Thinking in a new language

I have an interesting question for those of you who have acquired a new language with a good level of fluency. Do you still comprehend the new language through the conduit of your mother tongue? I.e. do you still find yourself translating the new language into your own language in order to understand it? If this is not the case then when and how did you stop needing to use your own language as a crutch?

I find this an interesting question since my internal dialogue, and the way I perceive and understand the world around me, especially more abstract concepts, seems to be inextricably linked to the English language; at least for now. Has learning a new language altered the way in which you think; beyond simply knowing some new words?

If you will forgive the slight self-promotion, I made a video a while back with my thoughts on this very topic : Thinking in a Foreign Language? - YouTube

@EdS: “…Do you still comprehend the new language through the conduit of your mother tongue? I.e. do you still find yourself translating the new language into your own language in order to understand it?..”

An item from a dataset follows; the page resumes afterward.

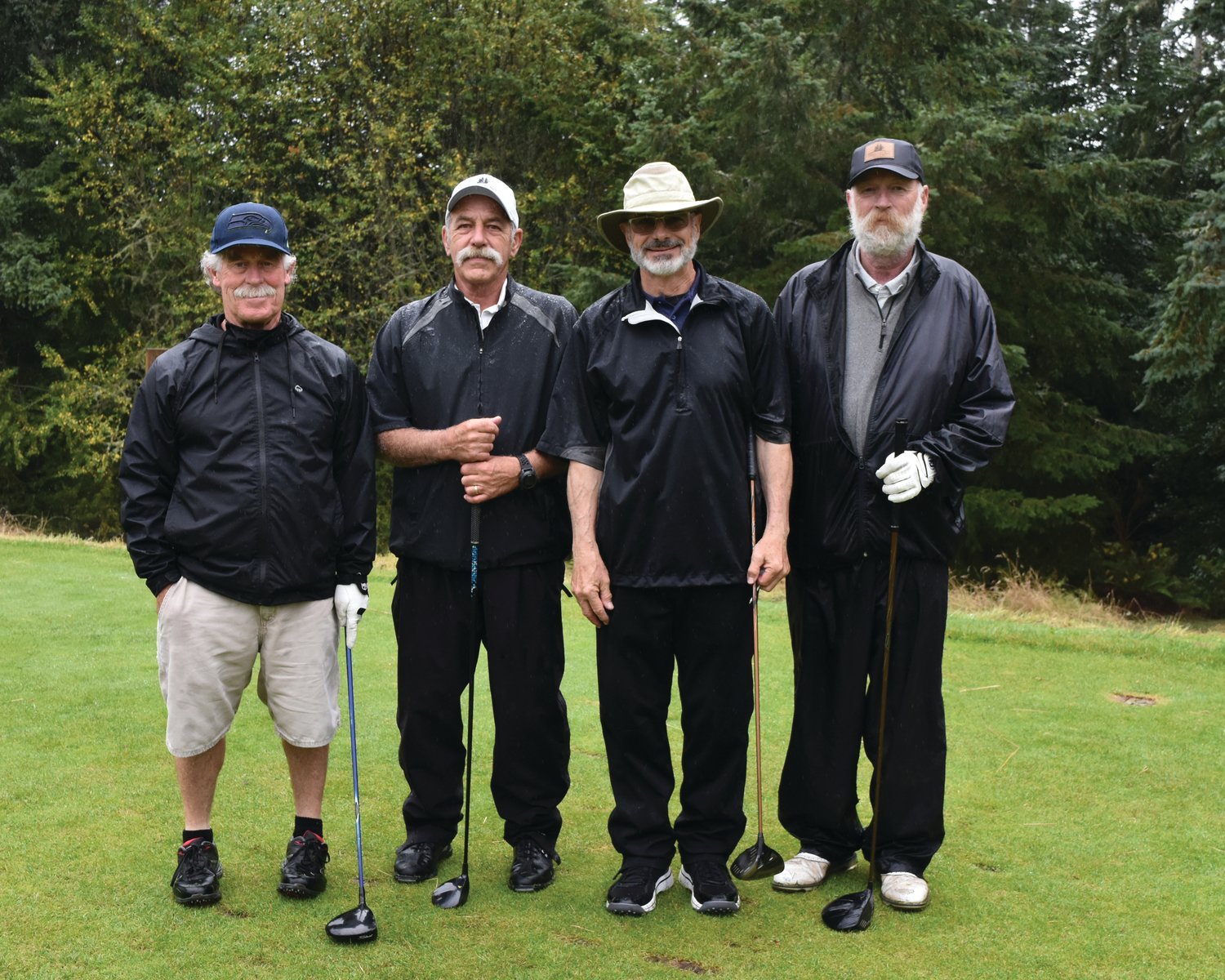 Richard Boyd, Greg Miller, George Cave, and Mike Martin won first place in the men’s division of the Dove House Golf Tournament.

No absolutely not. In order to use a target language in a functional way one must be able to manipulate that language right “ouside” of any other language, in my opinion.

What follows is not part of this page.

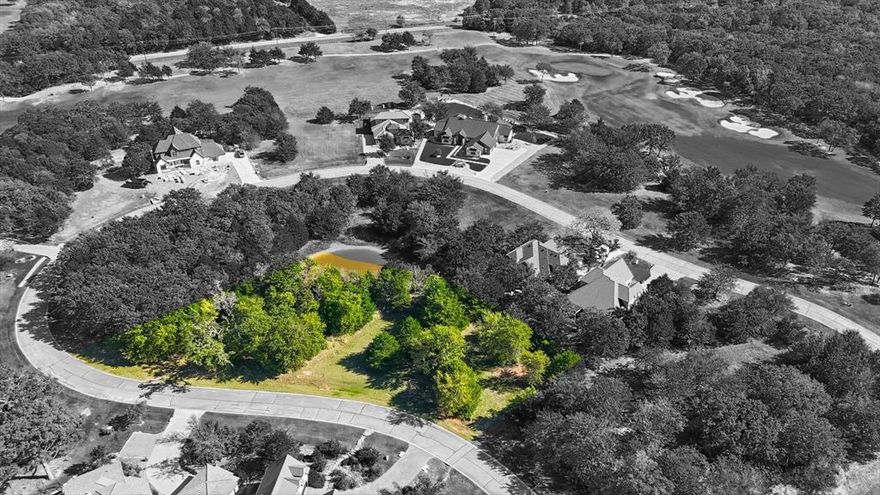 Discover the perfect setting to build your dream home on this .61 acre unimproved lot located within the exclusive, luxury community of Rock Creek Resort on Lake Texoma. Surrounded by serene natural beauty and upscale amenities, such as a top ranked, Jack Nicklaus designed 18 hole golf course, member only clubhouse and restaurant, fitness center, private marina and boat dock, community pool, tennis and pickleball court, and 24 hour security guard within the gates of the community,  this property offers the ideal blend of privacy, elegance, and resort style living. The Roaring Fork Addition of Rock Creek offers some of the most luxurious homes in the neighborhood, sitting atop one of the highest elevations within the community. This specific property offers a unique level of privacy often hard to find in Rock Creek, as it is 3 adjacent lots, adding a buffer lot on either side of a new home.  Rock Creek Resort features privately owned utility access, with electric available at the road. Do not miss this opportunity to build your dream home that comes with luxury, resort style living!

@EdS: “…If this is not the case then when and how did you stop needing to use your own language as a crutch?..”

That’s actually a very good question. So far as I can remember, in my own case (living in Germany) I tried pretty hard right from the outset to operate in entirely German. To begin with I was very limited, and I struggled hard to put things together. However I was getting a lot of passive exposure (watching TV, etc) and I gradually soaked a lot of this up - which over time made it ever easier to generate output.

@EdS: “…I find this an interesting question since my internal dialogue, and the way I perceive and understand the world around me, especially more abstract concepts, seems to be inextricably linked to the English language; at least for now. Has learning a new language altered the way in which you think; beyond simply knowing some new words?..”

I can only speak for German and Italian, because these are the only two foreign languages in which I have ever been functional to any significant degree. I have never noticed any effect of the kind you refer to. When you become somewhat fluent, it’s almost “feels” the same as speaking English. (At any rate this is my experience.)

It might be different for Europeans or North Americans who learn exotic languages like Arabic or Japanese, however?

I understand nearly all French words as French and nearly all Spanish words as Spanish. Occasionally I come across a word in one or the other language that I have to translate into English in my mind. Often, when I translate I am not aware that I am translating. Also occasionally I come across a French word or Spanish word that I understand, but I can’t think of the equivalent word in English. A sort of one such word is the French “ennui,” which means a great deal more in French than it usually does in English.

I’m sure I did some mental translating into English in the beginning. When did I stop the process of translating? I don’t know. What I do know, or rather what I believe, is that this phenomenon seems to be of some concern to some beginners and to some language teachers, but it is utterly irrelevant to the language learning process. If I were you, I would not waste another second thinking or worrying about it.

My two cents.

Thinking in a new language - it doesn’t occur in accordance only with your desire.
If you have a wish to think in a new language since tomorrow - you won’t be able to do it with the best will in the world.
But gradually, progressively, little by little you will notice that you needn’t translate into a native language first some words, then some phrases, after that - almost everything besides maybe very some very complicated paragraphs by reading.